Holt pointed at the percentage Stanley was able to pull in the race, reasoning it was a good sign for how he would fair come November.

“You add that (percentage) onto me, we’re actually in first place right now,” Holt remarked. He added that he wasn’t surprised at Quiring’s numbers as she had the most in campaign funds for the contest.

“I think the people of Clark County have spoken, and they want a Democrat to win the race,” Holt remarked.

  The three-way race for Clark County Council District 1 was a close one based on the second round of numbers.

Democrat Temple Lentz secured close to 33.7 percent of the vote as the front-runner, with incumbent Republican Jeanne Stewart in a close second with 33.1 percent, exactly 100 votes behind. Jim Moeller, also a Democrat, looks to be out of the contest with 31.9 percent, though the positions could change with an estimated 17,000 ballots left to count in Clark County.

The race for Legislative District 17 Position 1 had three candidates though one, James Tolson, suspended his campaign in June. He still picked up about 7.4 percent of the vote. Incumbent Republican Vicki Kraft and challenger Democrat Tanisha Harris will likely advance, netting 48.7 and 43.8 percent respectively.

In another State Legislature race, Clark County votes were similar to the multi-county district-wide contest. Incumbent Ed Orcutt, R-Kalama, led both locally and across District 20, receiving 57.7 percent in Clark County and 56.6 percent overall. In both cases Democrat Brennan Bailey was second, receiving 35.4 locally and 34.7 percent district-wide, leaving independent candidate Mark Smith in third in both cases.

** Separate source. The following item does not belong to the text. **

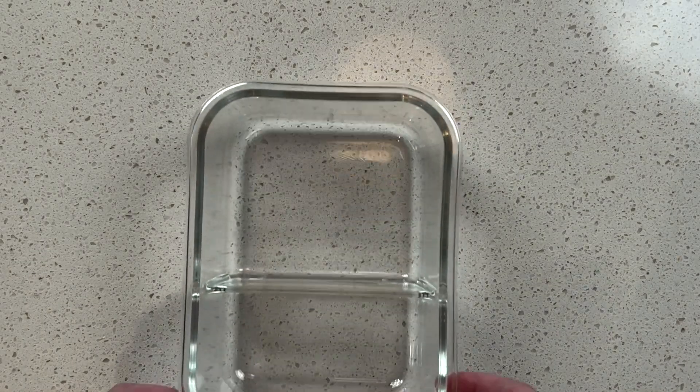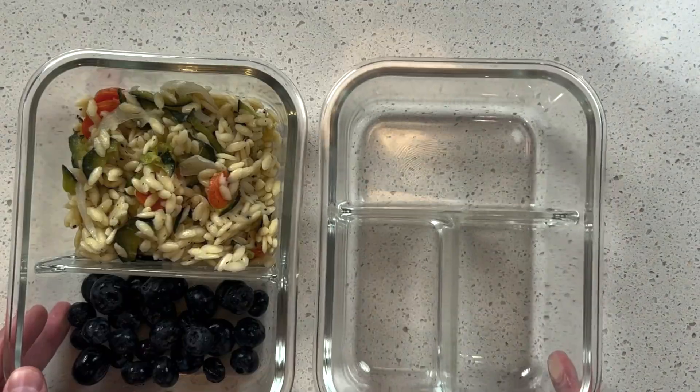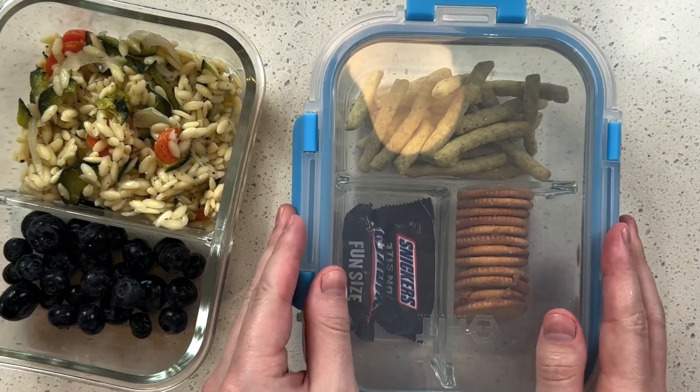I'll add my pasta to my fit strong and healthy glass containers and pair this with blueberries, peanut butter crackers, two Snickers bars, and some dried harvest snap green peas.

The race for Clark Public Utilities District commissioner has the incumbent with a majority vote as current District 1 seatholder Jim Malinowski had about 56.6 percent of the vote as of the second count. In second was Sherry Erickson with 27 percent, making Judy Chipman the odd one out with 16.4 percent.

The race for Clark County Assessor has the incumbent on top as Republican Peter Van Nortwick took 43.1 percent of the first county’s votes. Fellow Republican challenger Darren Wertz took 31.7 percent with Norbert Schlecht, no party, trailing in third with 25.2 percent.

Outside of top-two contests, a levy lid lift for Clark County Fire Protection District 13 looked to be passing at greater than a two-to-one lead. The measure would lift the district levy rate from 84 cents per $1,000 of assessed value to $1.25 per $1,000 and would be used to replace aging equipment for the fire department that covers about 37 square miles of northeastern Clark County. As of the first count it had about 67.7 percent approval.

Editor’s note: Races with only two candidates have been omitted from the preliminary reports.